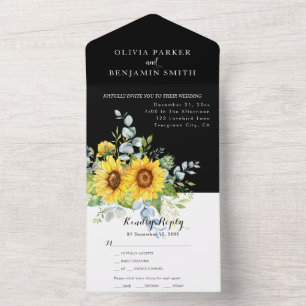 Invitación Todo En Uno Boda negro floral floral de color girasol rústico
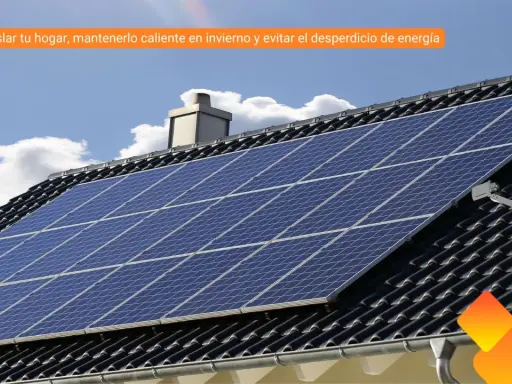 Paneles solares en tejado. Guía para aislar tu hogar y obtener consejos para ahorrar energía.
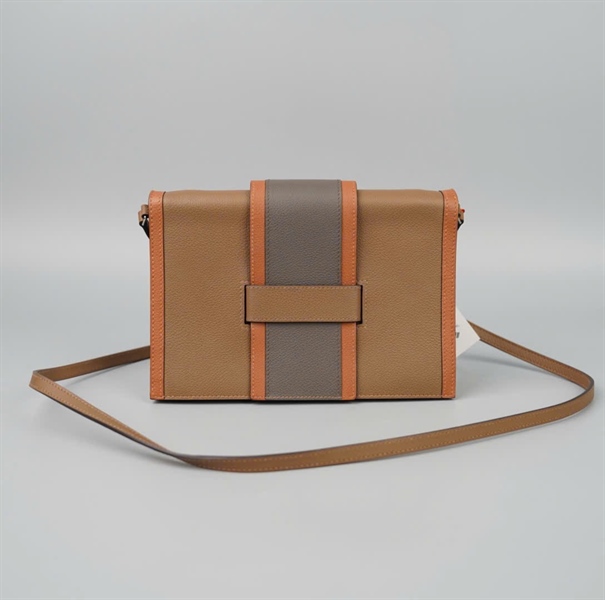 Túi Hermes màu nâu viền cam sz20 KG+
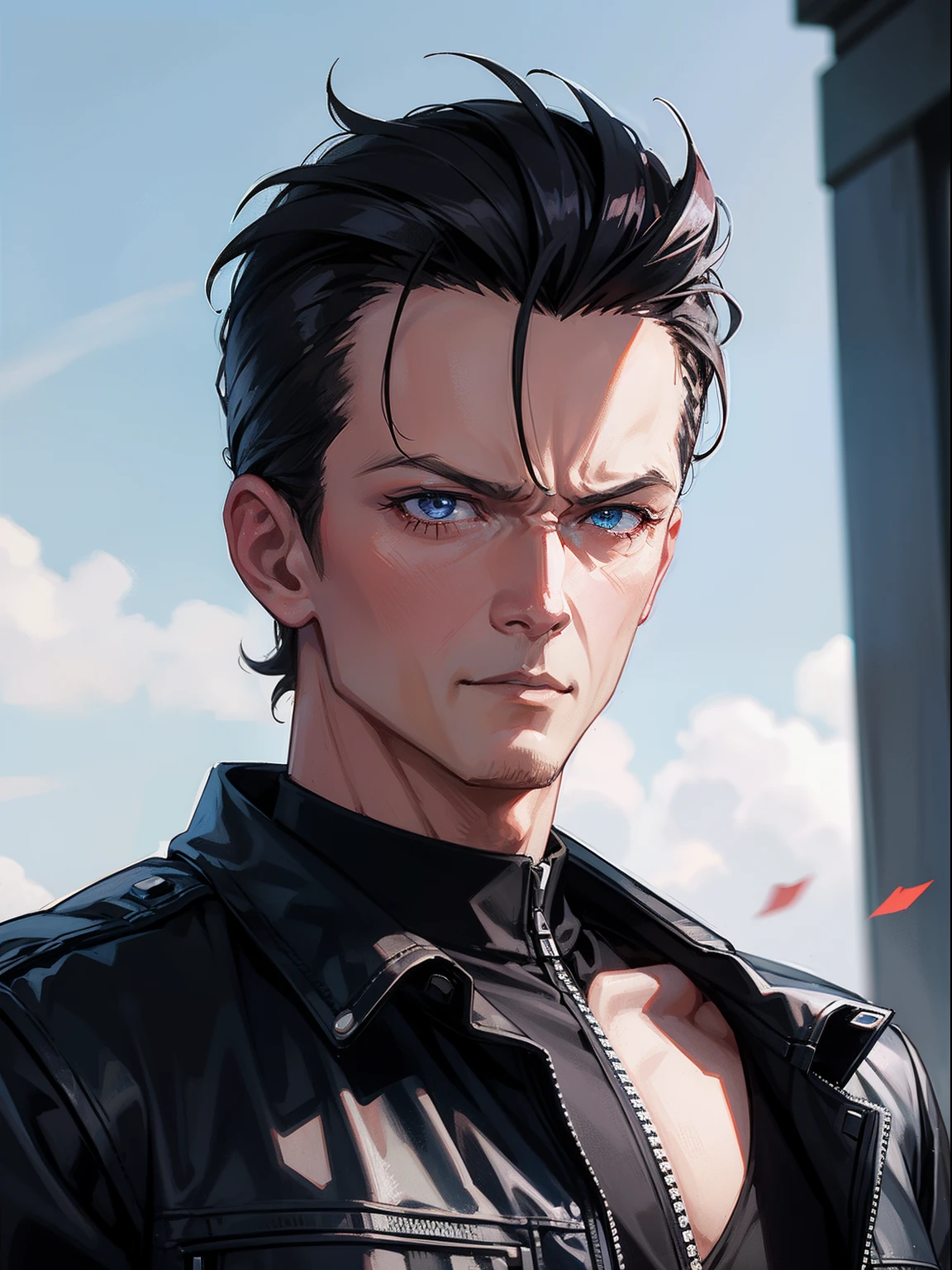 Robert patrick from movie "Terminator", anime style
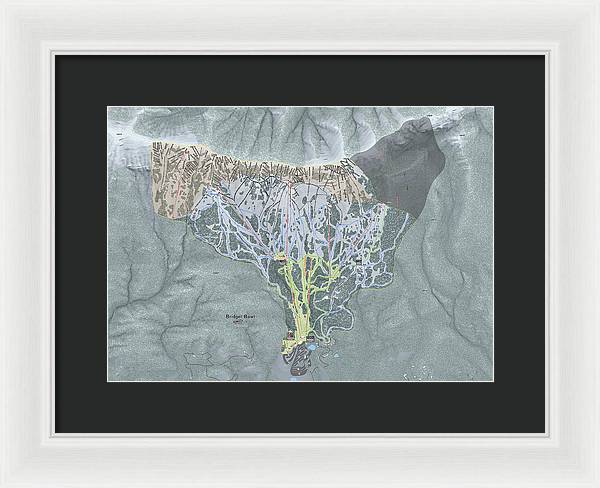 Bridger Bowl Ski Trail Map - Framed Print - Powderaddicts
^^^^^^^^^^^^^^^^
Exercise description:
The job here is to write out the records exactly, pictures excluded.

Solution to this exercise:
 Invitación Todo En Uno Boda negro floral floral de color girasol rústico
 Paneles solares en tejado. Guía para aislar tu hogar y obtener consejos para ahorrar energía.
 Túi Hermes màu nâu viền cam sz20 KG+
 Robert patrick from movie "Terminator", anime style
 Bridger Bowl Ski Trail Map - Framed Print - Powderaddicts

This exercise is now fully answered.